_Work instructions_
What you return must be the data below, word for word, without any images.

Saved data entries:
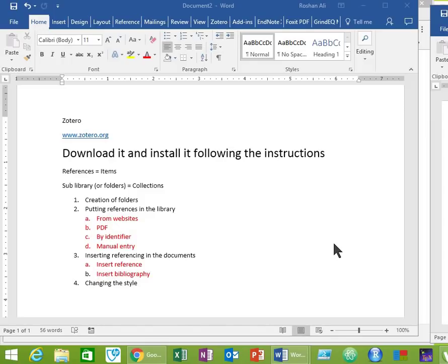Bismillah ar-Rahman ar-Rahim. Assalamu alaikum. I'm Roshan Ali. Today I'm going to teach you reference management using Zotero.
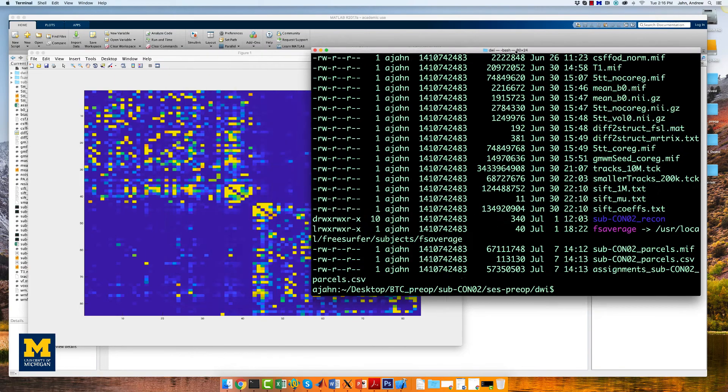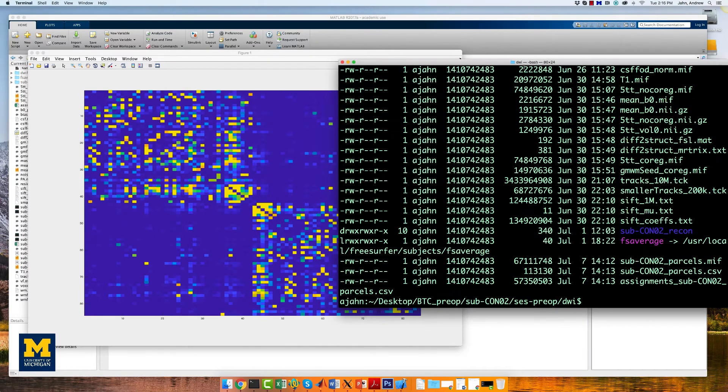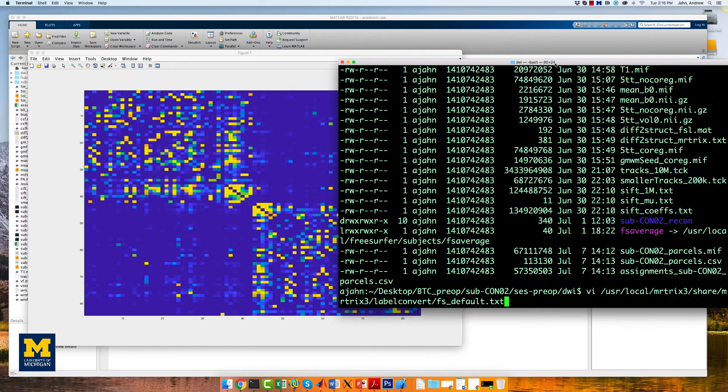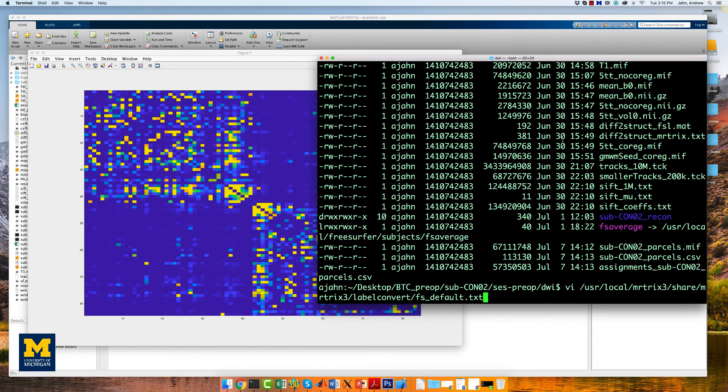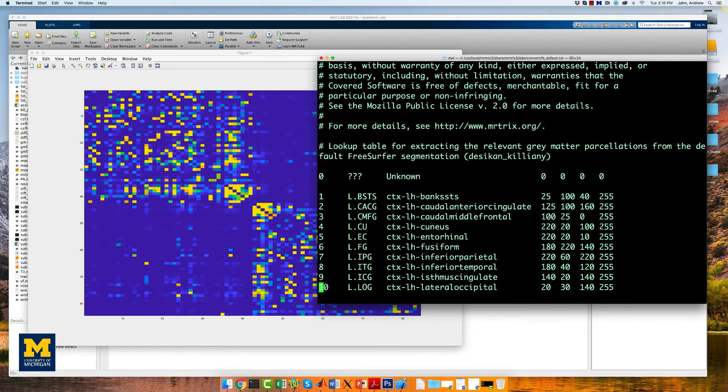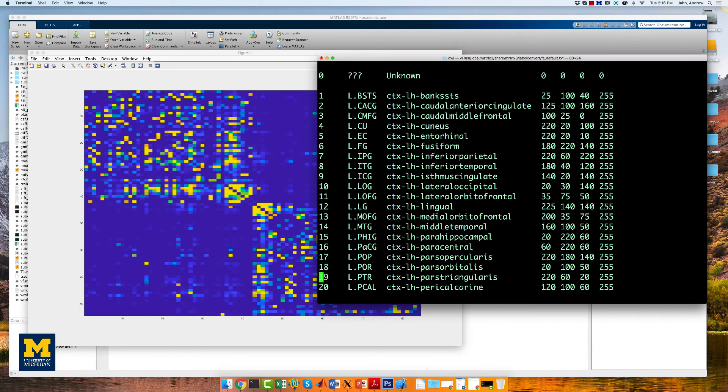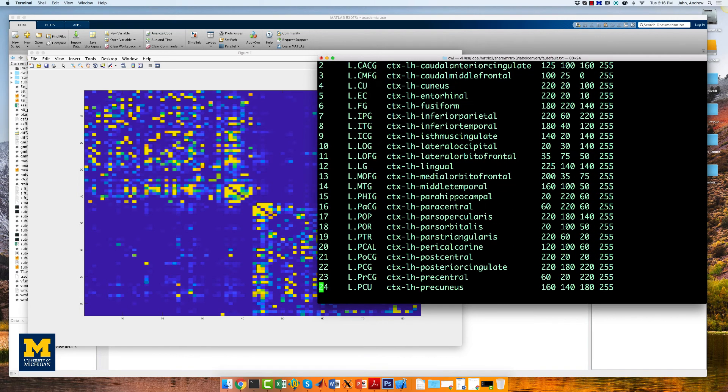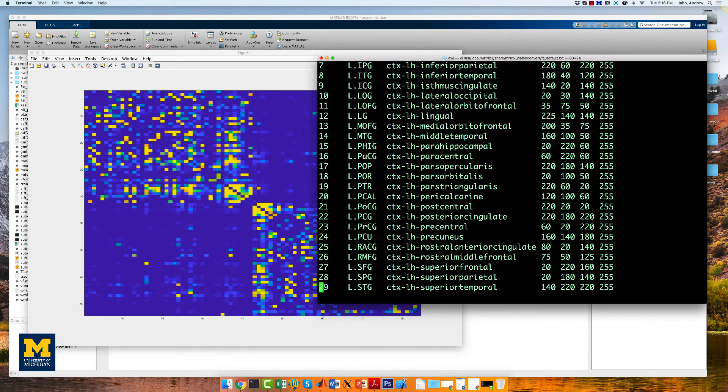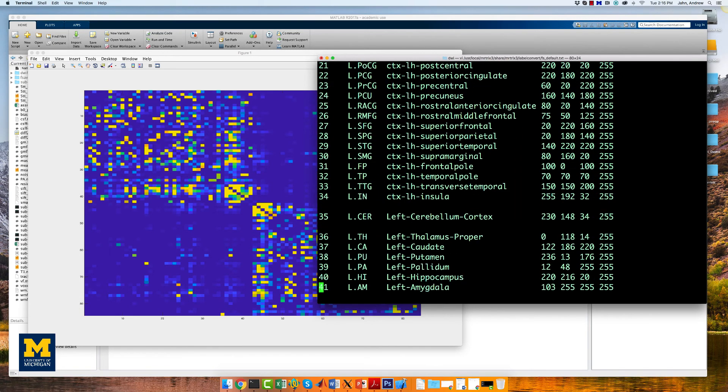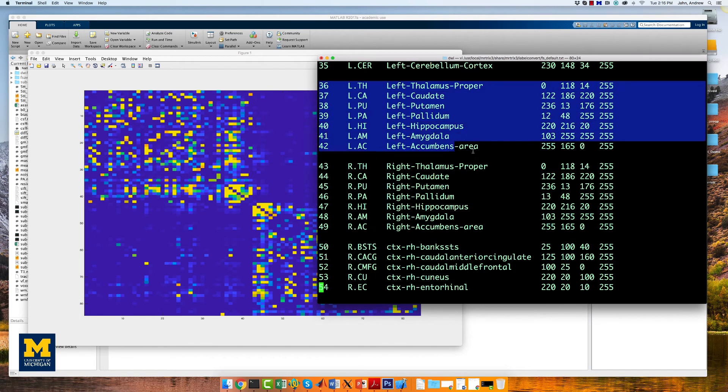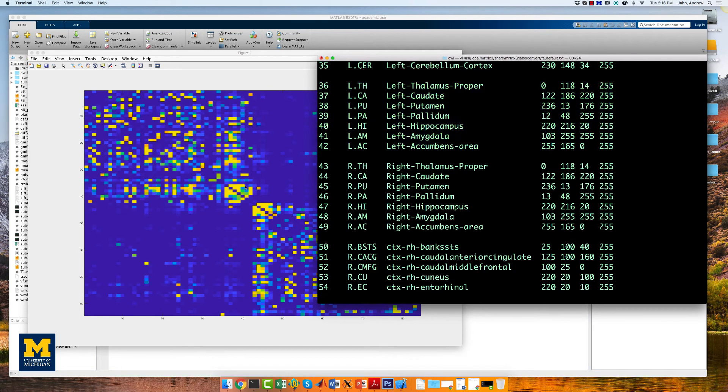If you open up a terminal and type the following to open up the lookup table, here I'm using the VI editor, you will notice that the nodes are grouped into distinct areas. The subcortical structures of the left hemisphere, for example, if we scroll down in this table, are nodes 36 through 42, which you can see represented here.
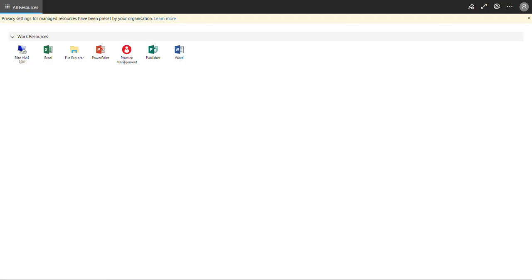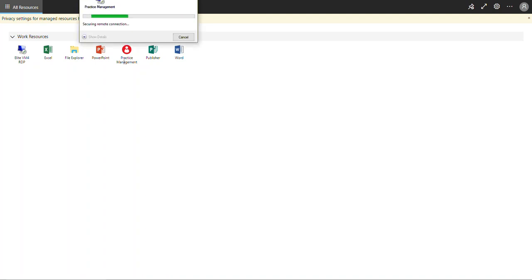Once approved, the Practice Management session will load and you will end up at the Practice Management log on prompt.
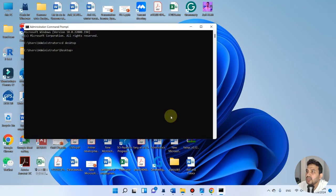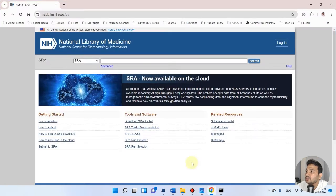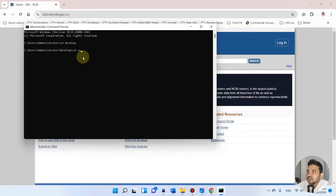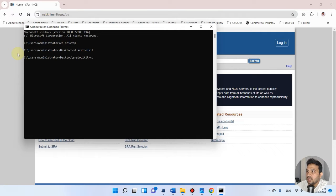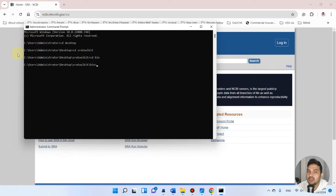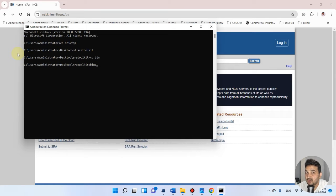That's why I'm changing its directory to Desktop, then changing directory to that folder on the desktop, which is SRA Toolkit. Now we can change directory to the bin folder. In this bin folder, we used fastq-dump file for any SRA accession.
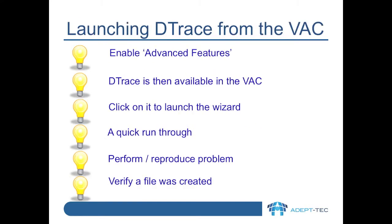In this next section of video, I'll show you how to turn on the advanced features option in the VAC. This enables DTrace and we can then launch it. We'll then create a trace file for a simple example of mailbox archiving. Once set up, we'll then run the mailbox archiving task for a test user, and finally we'll validate that a file was created.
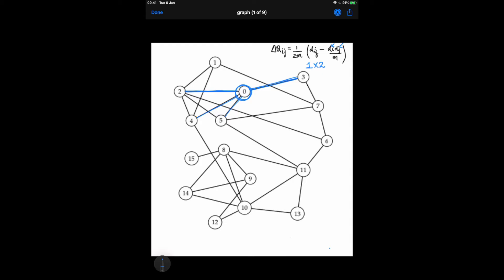We notice that the first part of the equation remains the same in all four cases. So here is a useful trick: when dij is equal across candidates, you can decide which community to join node 0 with based on the degree of the community you are trying to join — the lesser the better. In this case, node 3 has a degree of 2, which is the lowest among all potential candidates, so node 0 is the best match with node 3.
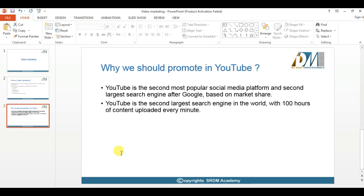Why should we promote only on YouTube? There are many platforms, but why are people showing more interest in promoting their videos on YouTube? The major reason is that YouTube is the second most popular social media platform and also the second largest search engine after Google based on market interest. Whatever video you want to see, you just go to YouTube and watch it.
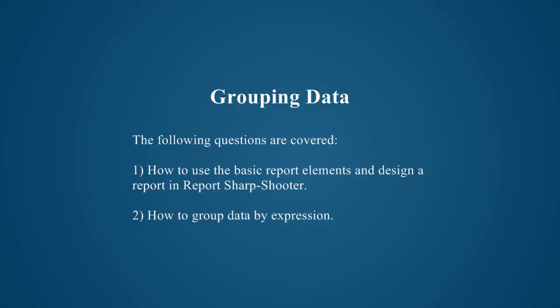This video shows how to use basic report elements and to design a report in Report Sharpshooter. The report template contains information about the customers grouped by the first letter of the company name.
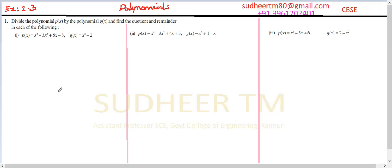Question number 1, exercise 2.3: divide the polynomial p of x by the polynomial g of x and find the quotient and the remainder in each of the following cases. We have three cases here. Let's start with the first case.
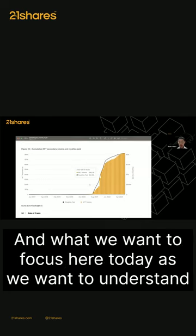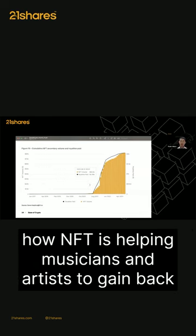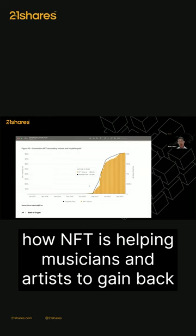What we want to focus on today is understanding how NFTs are helping musicians and artists gain back their revenue from intermediaries.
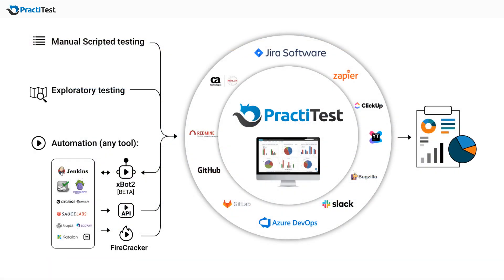PractiTest visualizes any aspect of your QA operation giving you better control over your process and the confidence to make better decisions faster.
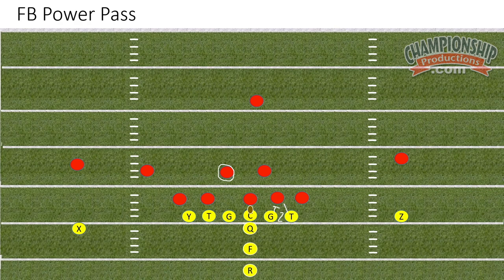The center will aggressively attack the nose guard. The left guard will drop step, cross over, eyes on the victim, and settle right in behind the center in the A-gap. The tackle and tight end will aggressively attack the 5-technique and the 9-technique respectively, and then transition into pass protection mode.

_Written answer_
Bismillah ar-Rahman ar-Rahim. Assalamu alaikum. I'm Roshan Ali. Today I'm going to teach you reference management using Zotero.
If you open up a terminal and type the following to open up the lookup table, here I'm using the VI editor, you will notice that the nodes are grouped into distinct areas. The subcortical structures of the left hemisphere, for example, if we scroll down in this table, are nodes 36 through 42, which you can see represented here.
Once approved, the Practice Management session will load and you will end up at the Practice Management log on prompt.
That's why I'm changing its directory to Desktop, then changing directory to that folder on the desktop, which is SRA Toolkit. Now we can change directory to the bin folder. In this bin folder, we used fastq-dump file for any SRA accession.
In this next section of video, I'll show you how to turn on the advanced features option in the VAC. This enables DTrace and we can then launch it. We'll then create a trace file for a simple example of mailbox archiving. Once set up, we'll then run the mailbox archiving task for a test user, and finally we'll validate that a file was created.
We notice that the first part of the equation remains the same in all four cases. So here is a useful trick: when dij is equal across candidates, you can decide which community to join node 0 with based on the degree of the community you are trying to join — the lesser the better. In this case, node 3 has a degree of 2, which is the lowest among all potential candidates, so node 0 is the best match with node 3.
Why should we promote only on YouTube? There are many platforms, but why are people showing more interest in promoting their videos on YouTube? The major reason is that YouTube is the second most popular social media platform and also the second largest search engine after Google based on market interest. Whatever video you want to see, you just go to YouTube and watch it.
This video shows how to use basic report elements and to design a report in Report Sharpshooter. The report template contains information about the customers grouped by the first letter of the company name.
Question number 1, exercise 2.3: divide the polynomial p of x by the polynomial g of x and find the quotient and the remainder in each of the following cases. We have three cases here. Let's start with the first case.
What we want to focus on today is understanding how NFTs are helping musicians and artists gain back their revenue from intermediaries.
PractiTest visualizes any aspect of your QA operation giving you better control over your process and the confidence to make better decisions faster.
The center will aggressively attack the nose guard. The left guard will drop step, cross over, eyes on the victim, and settle right in behind the center in the A-gap. The tackle and tight end will aggressively attack the 5-technique and the 9-technique respectively, and then transition into pass protection mode.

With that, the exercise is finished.